ASSIGNMENT: From the entries that follow, copy exactly the lines beginning at the line holding "Black and white" and continuing through the line holding "Gumdrop Cookie Bar Recipe.".
=== GIVEN ENTRIES ===
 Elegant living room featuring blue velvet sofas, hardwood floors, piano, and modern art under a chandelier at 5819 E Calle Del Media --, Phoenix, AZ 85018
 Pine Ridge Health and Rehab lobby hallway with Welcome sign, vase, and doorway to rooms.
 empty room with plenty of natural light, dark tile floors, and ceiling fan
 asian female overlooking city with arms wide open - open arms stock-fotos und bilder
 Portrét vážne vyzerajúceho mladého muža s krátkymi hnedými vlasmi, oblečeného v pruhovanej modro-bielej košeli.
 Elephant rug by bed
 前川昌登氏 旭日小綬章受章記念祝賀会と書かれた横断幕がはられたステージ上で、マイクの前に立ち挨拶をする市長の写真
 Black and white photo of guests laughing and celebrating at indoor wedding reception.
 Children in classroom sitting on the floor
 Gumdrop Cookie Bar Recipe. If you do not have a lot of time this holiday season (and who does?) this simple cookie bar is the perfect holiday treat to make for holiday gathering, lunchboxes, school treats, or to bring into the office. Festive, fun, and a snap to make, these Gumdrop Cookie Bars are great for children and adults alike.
===
=== GIVEN ENTRIES ===
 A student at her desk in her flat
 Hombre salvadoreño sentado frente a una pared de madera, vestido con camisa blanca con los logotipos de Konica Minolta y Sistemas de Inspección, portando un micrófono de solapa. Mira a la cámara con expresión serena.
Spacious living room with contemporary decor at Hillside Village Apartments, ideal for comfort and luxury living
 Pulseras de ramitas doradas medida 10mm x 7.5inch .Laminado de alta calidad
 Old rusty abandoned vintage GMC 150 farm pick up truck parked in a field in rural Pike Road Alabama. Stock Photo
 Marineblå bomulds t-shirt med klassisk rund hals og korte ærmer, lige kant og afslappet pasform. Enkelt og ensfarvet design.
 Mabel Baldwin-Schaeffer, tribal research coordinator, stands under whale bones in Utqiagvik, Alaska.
===
WRITTEN RESPONSE:
 Black and white photo of guests laughing and celebrating at indoor wedding reception.
 Children in classroom sitting on the floor
 Gumdrop Cookie Bar Recipe. If you do not have a lot of time this holiday season (and who does?) this simple cookie bar is the perfect holiday treat to make for holiday gathering, lunchboxes, school treats, or to bring into the office. Festive, fun, and a snap to make, these Gumdrop Cookie Bars are great for children and adults alike.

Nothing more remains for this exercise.